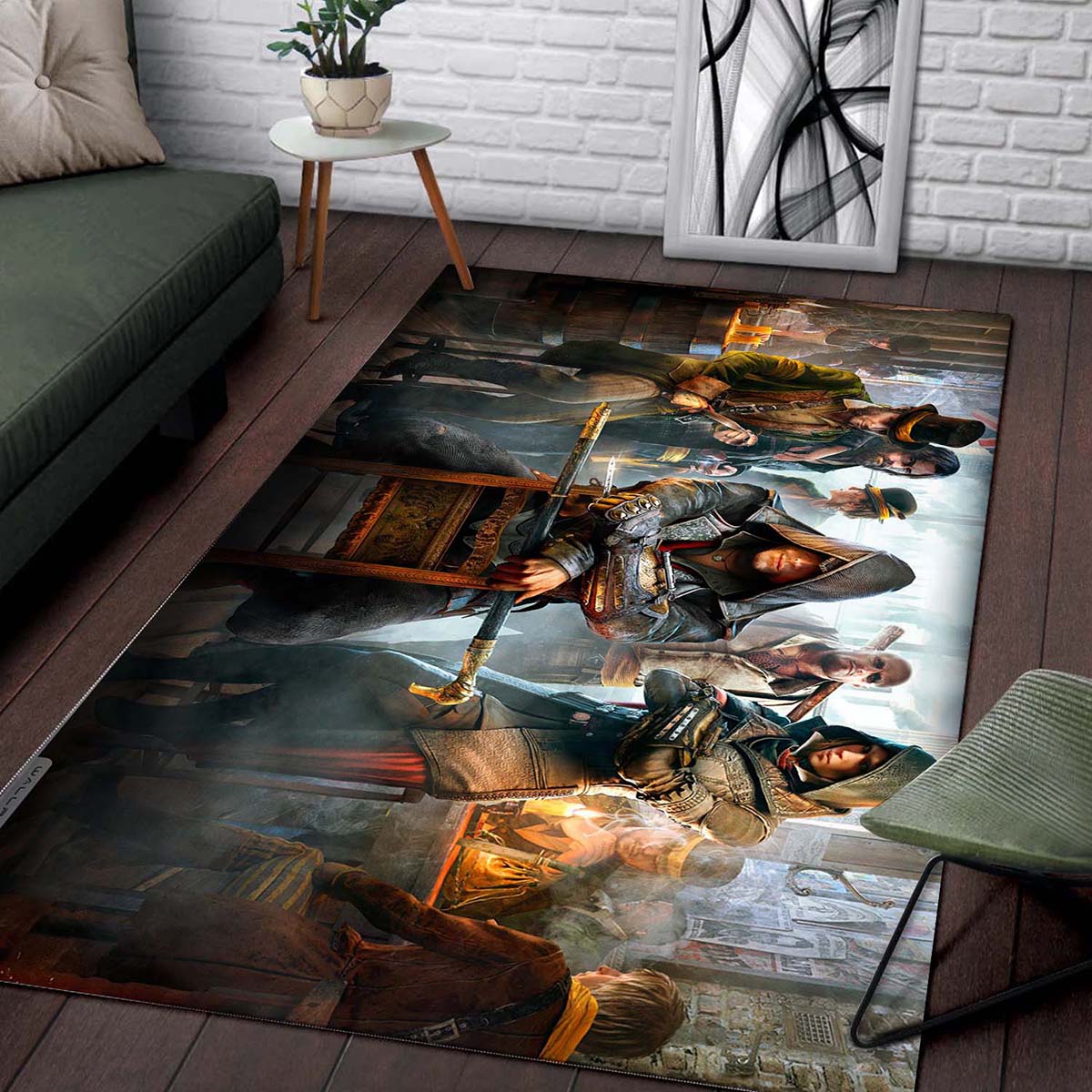 Tapis Assassins Creed Syndicate – Image 2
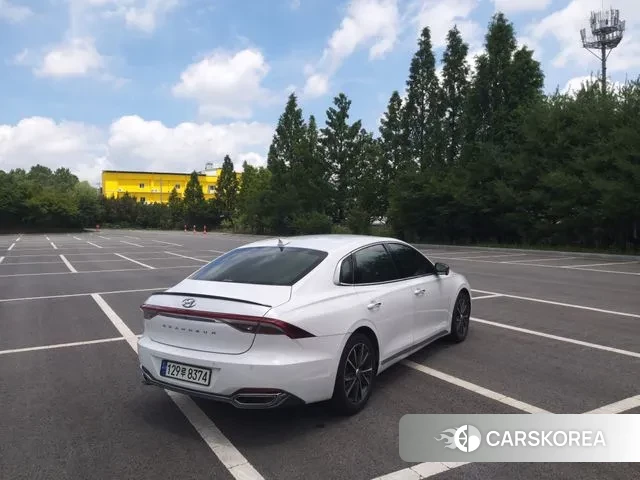 Hyundai The New Grandeur IG id 2884623 из Кореи 12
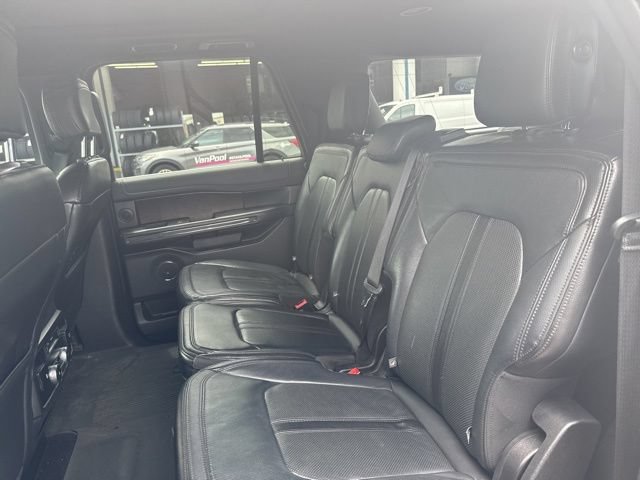 Certified 2019 Ford Expedition Max Limited w/ Special Edition Package RWD image 7
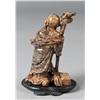 Image 4 : A Fine Chinese Carved Soapstone Elder Carving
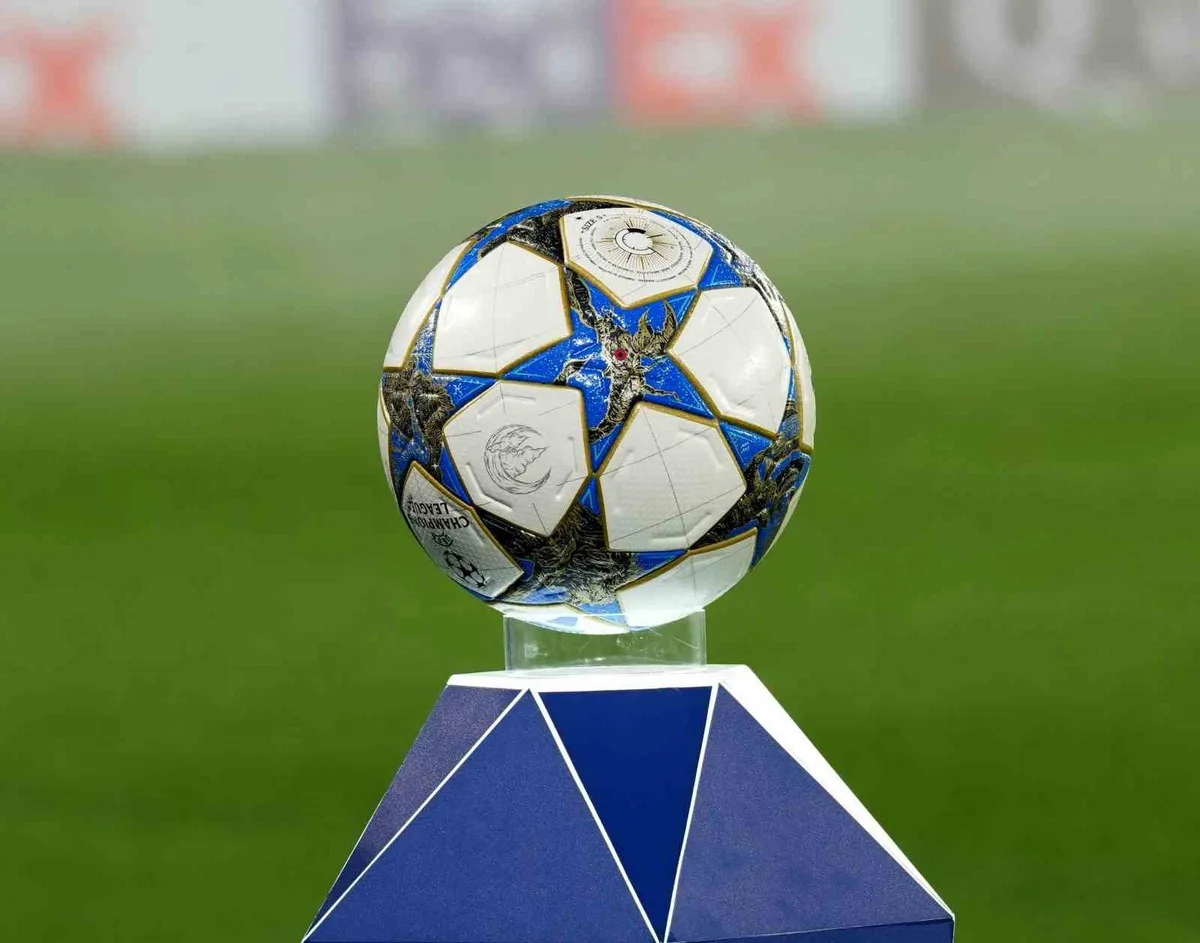 UEFA Şampiyonlar Ligi 2. haftada ilk 9 maçta toplam 32 gol atıldı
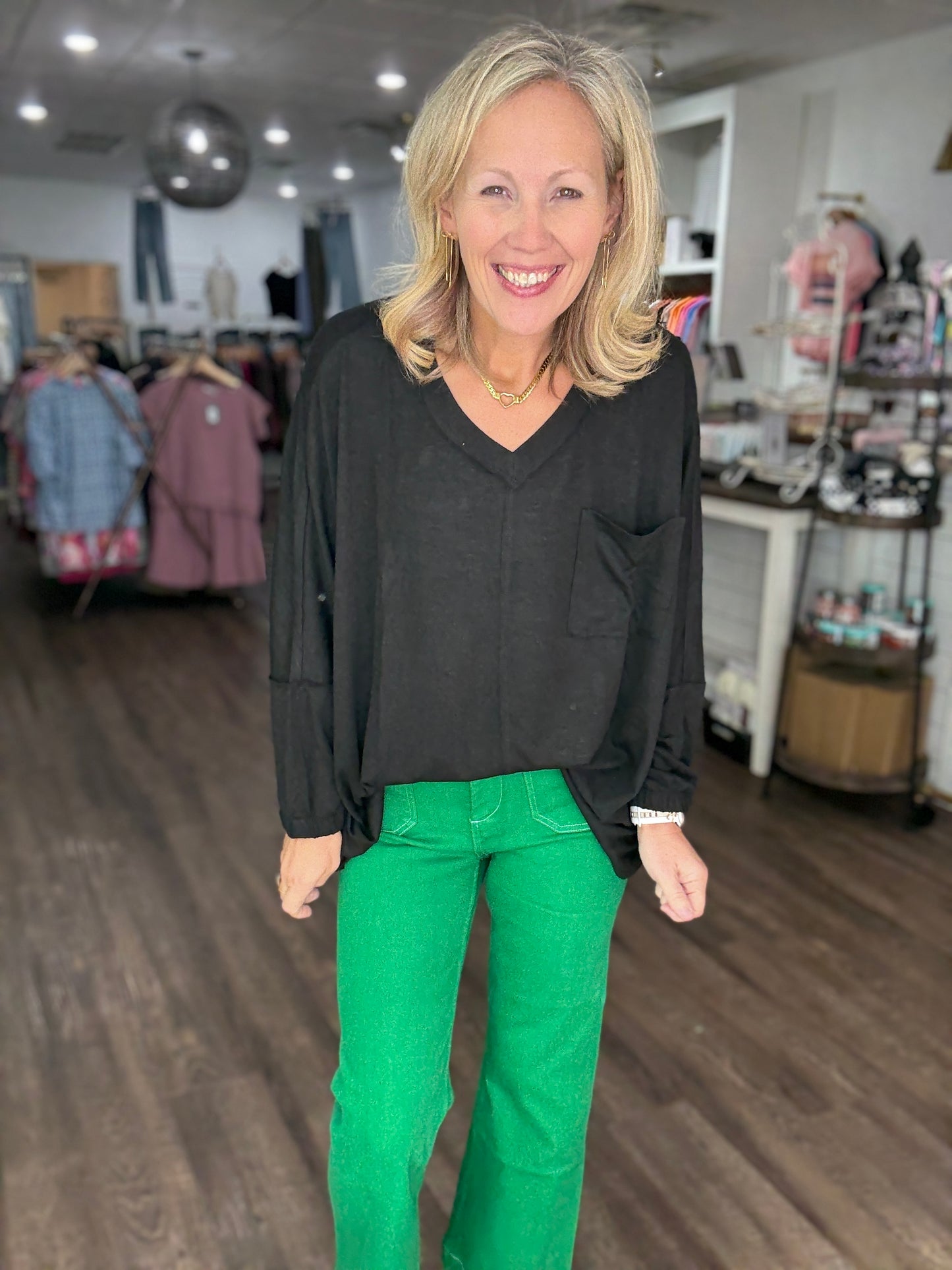 The Clover Street Crop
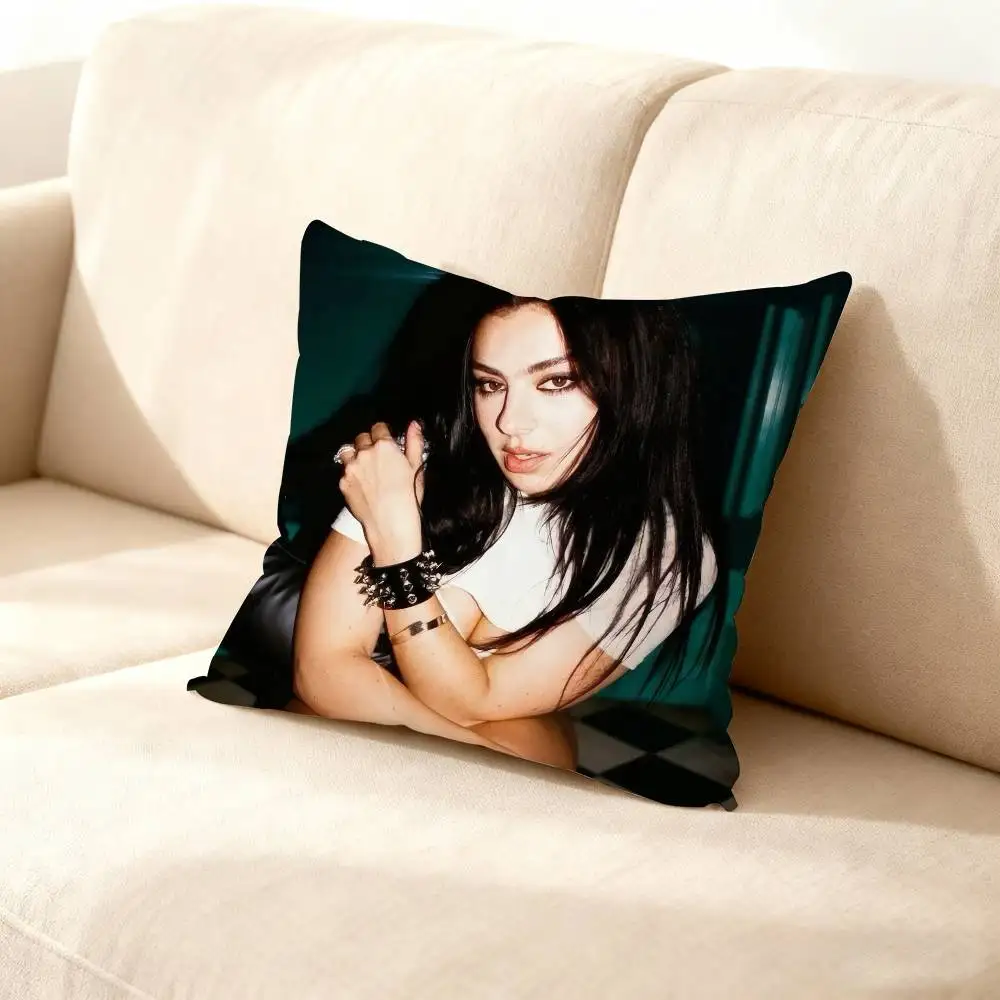 Charli XCX Brat Pillow Case For Sofa Decor Car Office Room Printing Cushion Cover Decorations and Protector
Charli XCX Brat Pillow Case For Sofa Decor Car Office Room Printing Cushion Cover Decorations and Protector
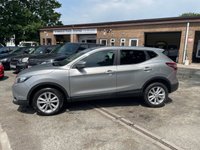 USED 2015 15 NISSAN QASHQAI 1.5 dCi Acenta+ SUV 5dr Diesel Manual 2WD Euro 5 (s/s) (110 ps) 2 FORMER KEEPER+FULL HISTORY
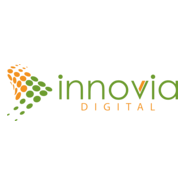 Innovia Digital Logo PNG Vector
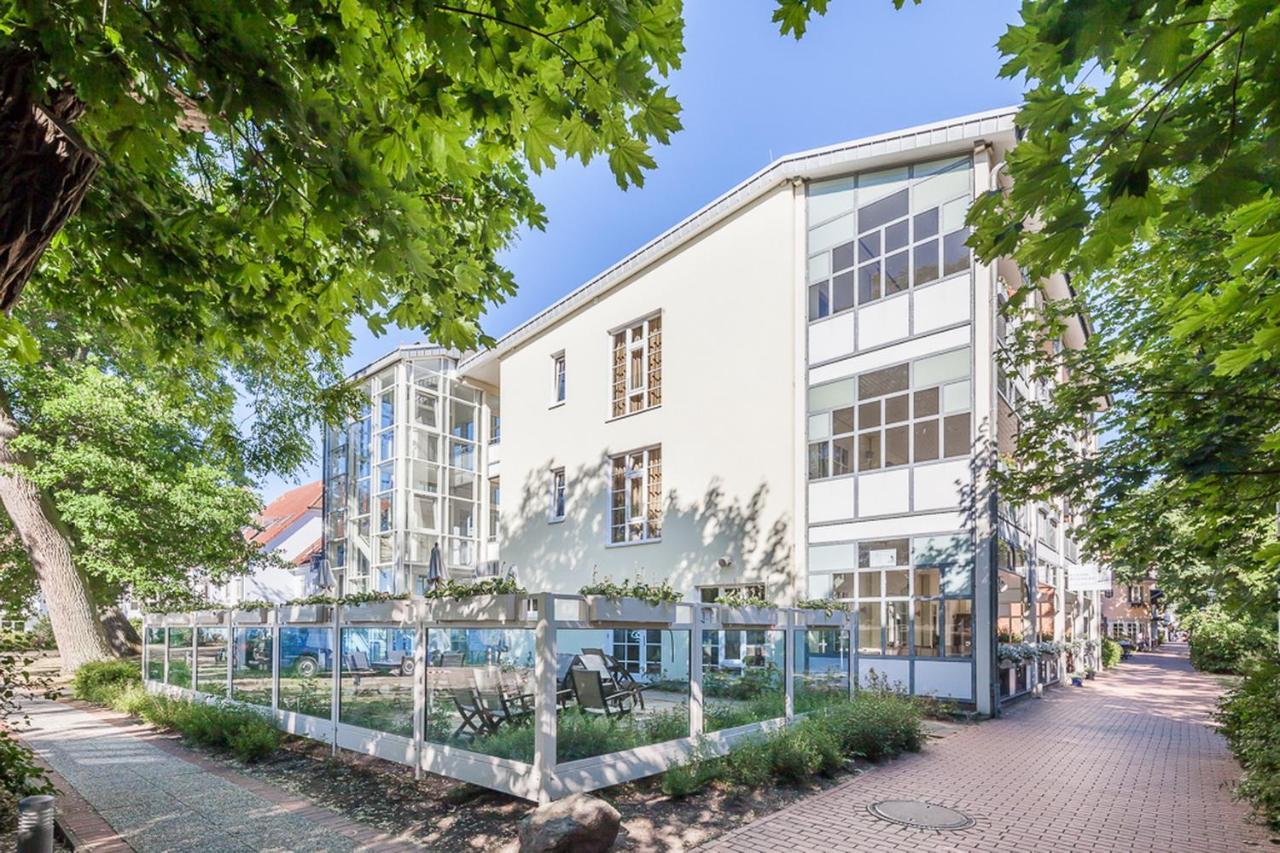 Likedeeler II Wohnung 04 Больтенхаген Экстерьер фото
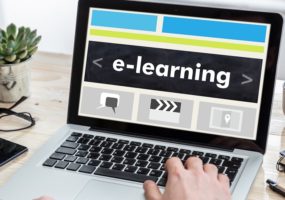 e-learning platforms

☆ ☆ ☆ ☆

WHAT THIS TASK INVOLVES:
Exactly as they appear above, print all the lines, but not the pictures.

PROBLEM SOLUTION:
 Tapis Assassins Creed Syndicate – Image 2
 Hyundai The New Grandeur IG id 2884623 из Кореи 12
 Certified 2019 Ford Expedition Max Limited w/ Special Edition Package RWD image 7
 Image 4 : A Fine Chinese Carved Soapstone Elder Carving
 UEFA Şampiyonlar Ligi 2. haftada ilk 9 maçta toplam 32 gol atıldı
 The Clover Street Crop
 Charli XCX Brat Pillow Case For Sofa Decor Car Office Room Printing Cushion Cover Decorations and Protector
Charli XCX Brat Pillow Case For Sofa Decor Car Office Room Printing Cushion Cover Decorations and Protector
 USED 2015 15 NISSAN QASHQAI 1.5 dCi Acenta+ SUV 5dr Diesel Manual 2WD Euro 5 (s/s) (110 ps) 2 FORMER KEEPER+FULL HISTORY
 Innovia Digital Logo PNG Vector
 Likedeeler II Wohnung 04 Больтенхаген Экстерьер фото
 e-learning platforms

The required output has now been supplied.